**Instructions for the task:** Although the data below holds other lines too, output only those from the line with "Grand Sala Thai" up to and including the line with "- Dem hör läckra", exactly as they appear.
───── Material for this exercise
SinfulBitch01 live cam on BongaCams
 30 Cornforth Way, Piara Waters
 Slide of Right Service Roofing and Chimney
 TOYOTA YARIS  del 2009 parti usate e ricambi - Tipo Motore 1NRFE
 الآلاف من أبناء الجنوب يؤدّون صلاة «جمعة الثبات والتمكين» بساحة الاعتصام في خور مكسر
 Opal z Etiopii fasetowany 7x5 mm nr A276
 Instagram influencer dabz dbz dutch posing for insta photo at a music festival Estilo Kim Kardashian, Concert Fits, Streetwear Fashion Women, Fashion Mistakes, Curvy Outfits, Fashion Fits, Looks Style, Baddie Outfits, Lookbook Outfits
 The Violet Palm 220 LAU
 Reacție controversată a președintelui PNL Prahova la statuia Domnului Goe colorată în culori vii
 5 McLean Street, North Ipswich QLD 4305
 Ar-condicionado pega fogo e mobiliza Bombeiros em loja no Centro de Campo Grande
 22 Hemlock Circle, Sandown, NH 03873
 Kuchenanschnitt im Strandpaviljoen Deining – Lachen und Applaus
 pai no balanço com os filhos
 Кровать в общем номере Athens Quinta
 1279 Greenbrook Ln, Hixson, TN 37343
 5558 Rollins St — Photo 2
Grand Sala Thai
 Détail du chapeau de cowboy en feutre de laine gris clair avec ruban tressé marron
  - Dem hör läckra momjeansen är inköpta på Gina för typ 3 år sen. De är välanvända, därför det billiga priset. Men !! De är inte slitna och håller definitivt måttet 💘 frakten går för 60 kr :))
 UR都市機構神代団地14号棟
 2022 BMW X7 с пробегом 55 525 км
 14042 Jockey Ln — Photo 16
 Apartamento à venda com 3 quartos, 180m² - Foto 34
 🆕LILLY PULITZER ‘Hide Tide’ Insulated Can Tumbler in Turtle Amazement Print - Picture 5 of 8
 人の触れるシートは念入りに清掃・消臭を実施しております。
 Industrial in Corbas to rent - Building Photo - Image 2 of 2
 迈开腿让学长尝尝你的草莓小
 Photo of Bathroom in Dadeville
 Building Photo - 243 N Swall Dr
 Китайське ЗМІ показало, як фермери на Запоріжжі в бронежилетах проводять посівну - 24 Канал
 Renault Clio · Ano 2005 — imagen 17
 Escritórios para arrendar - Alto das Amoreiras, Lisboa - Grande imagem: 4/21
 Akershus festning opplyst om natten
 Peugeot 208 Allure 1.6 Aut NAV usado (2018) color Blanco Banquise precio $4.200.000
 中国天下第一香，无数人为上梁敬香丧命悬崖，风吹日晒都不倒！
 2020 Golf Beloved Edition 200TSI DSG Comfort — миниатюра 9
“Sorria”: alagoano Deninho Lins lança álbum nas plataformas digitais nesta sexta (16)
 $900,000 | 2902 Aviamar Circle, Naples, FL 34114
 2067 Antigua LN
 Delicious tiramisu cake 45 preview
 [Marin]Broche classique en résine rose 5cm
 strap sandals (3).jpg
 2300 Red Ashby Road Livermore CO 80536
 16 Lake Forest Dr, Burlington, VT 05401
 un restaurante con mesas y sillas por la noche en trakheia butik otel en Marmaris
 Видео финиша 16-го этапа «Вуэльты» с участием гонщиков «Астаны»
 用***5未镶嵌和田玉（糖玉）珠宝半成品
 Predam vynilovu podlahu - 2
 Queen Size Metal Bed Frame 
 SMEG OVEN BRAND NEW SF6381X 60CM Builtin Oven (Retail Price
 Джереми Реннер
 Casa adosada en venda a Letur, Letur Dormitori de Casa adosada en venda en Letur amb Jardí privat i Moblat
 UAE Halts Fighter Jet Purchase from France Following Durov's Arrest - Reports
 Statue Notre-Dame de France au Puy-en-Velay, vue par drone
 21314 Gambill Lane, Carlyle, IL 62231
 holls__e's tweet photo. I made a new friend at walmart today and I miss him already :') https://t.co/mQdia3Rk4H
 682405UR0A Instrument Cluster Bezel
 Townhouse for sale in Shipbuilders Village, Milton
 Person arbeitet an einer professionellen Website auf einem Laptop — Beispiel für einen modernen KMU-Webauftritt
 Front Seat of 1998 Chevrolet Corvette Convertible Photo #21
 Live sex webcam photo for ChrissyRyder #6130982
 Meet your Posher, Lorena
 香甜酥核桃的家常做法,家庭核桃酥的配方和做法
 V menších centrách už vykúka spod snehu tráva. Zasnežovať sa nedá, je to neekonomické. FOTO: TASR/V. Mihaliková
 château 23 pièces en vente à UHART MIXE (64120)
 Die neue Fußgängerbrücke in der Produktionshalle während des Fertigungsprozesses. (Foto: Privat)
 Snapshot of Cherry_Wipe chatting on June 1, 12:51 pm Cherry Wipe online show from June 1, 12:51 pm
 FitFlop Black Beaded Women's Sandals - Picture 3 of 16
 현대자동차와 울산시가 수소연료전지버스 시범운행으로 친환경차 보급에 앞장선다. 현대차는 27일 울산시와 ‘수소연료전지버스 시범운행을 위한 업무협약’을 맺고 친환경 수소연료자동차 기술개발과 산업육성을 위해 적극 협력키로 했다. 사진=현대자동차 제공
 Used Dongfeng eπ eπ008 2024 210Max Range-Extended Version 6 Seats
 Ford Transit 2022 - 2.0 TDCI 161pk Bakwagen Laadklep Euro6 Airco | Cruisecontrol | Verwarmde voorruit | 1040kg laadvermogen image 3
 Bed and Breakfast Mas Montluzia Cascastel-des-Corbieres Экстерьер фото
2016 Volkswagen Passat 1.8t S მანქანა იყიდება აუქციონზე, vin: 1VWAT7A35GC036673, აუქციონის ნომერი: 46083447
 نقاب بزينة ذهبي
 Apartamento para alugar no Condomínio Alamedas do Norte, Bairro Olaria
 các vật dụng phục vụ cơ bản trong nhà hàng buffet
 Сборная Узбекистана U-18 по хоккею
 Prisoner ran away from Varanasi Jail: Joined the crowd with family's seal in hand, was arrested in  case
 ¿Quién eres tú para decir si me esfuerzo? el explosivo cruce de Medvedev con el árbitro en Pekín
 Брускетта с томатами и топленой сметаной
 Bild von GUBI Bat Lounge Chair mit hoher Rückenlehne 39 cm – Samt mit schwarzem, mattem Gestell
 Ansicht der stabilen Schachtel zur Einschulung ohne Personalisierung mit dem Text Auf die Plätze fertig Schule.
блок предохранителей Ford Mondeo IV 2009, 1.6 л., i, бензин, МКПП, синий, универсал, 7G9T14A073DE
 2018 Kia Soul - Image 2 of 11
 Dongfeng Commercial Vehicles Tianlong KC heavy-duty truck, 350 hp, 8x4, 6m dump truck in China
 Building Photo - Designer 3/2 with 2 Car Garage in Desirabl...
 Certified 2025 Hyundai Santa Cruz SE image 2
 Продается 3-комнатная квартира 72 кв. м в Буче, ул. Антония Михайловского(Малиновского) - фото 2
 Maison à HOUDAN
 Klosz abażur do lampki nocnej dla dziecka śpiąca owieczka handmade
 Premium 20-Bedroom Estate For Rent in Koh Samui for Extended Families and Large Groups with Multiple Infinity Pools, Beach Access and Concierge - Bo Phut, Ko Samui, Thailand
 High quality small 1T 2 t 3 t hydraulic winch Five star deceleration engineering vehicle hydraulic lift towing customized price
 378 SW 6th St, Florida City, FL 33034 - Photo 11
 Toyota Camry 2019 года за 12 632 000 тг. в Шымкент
──────────
**Solution:**
Grand Sala Thai
 Détail du chapeau de cowboy en feutre de laine gris clair avec ruban tressé marron
  - Dem hör läckra momjeansen är inköpta på Gina för typ 3 år sen. De är välanvända, därför det billiga priset. Men !! De är inte slitna och håller definitivt måttet 💘 frakten går för 60 kr :))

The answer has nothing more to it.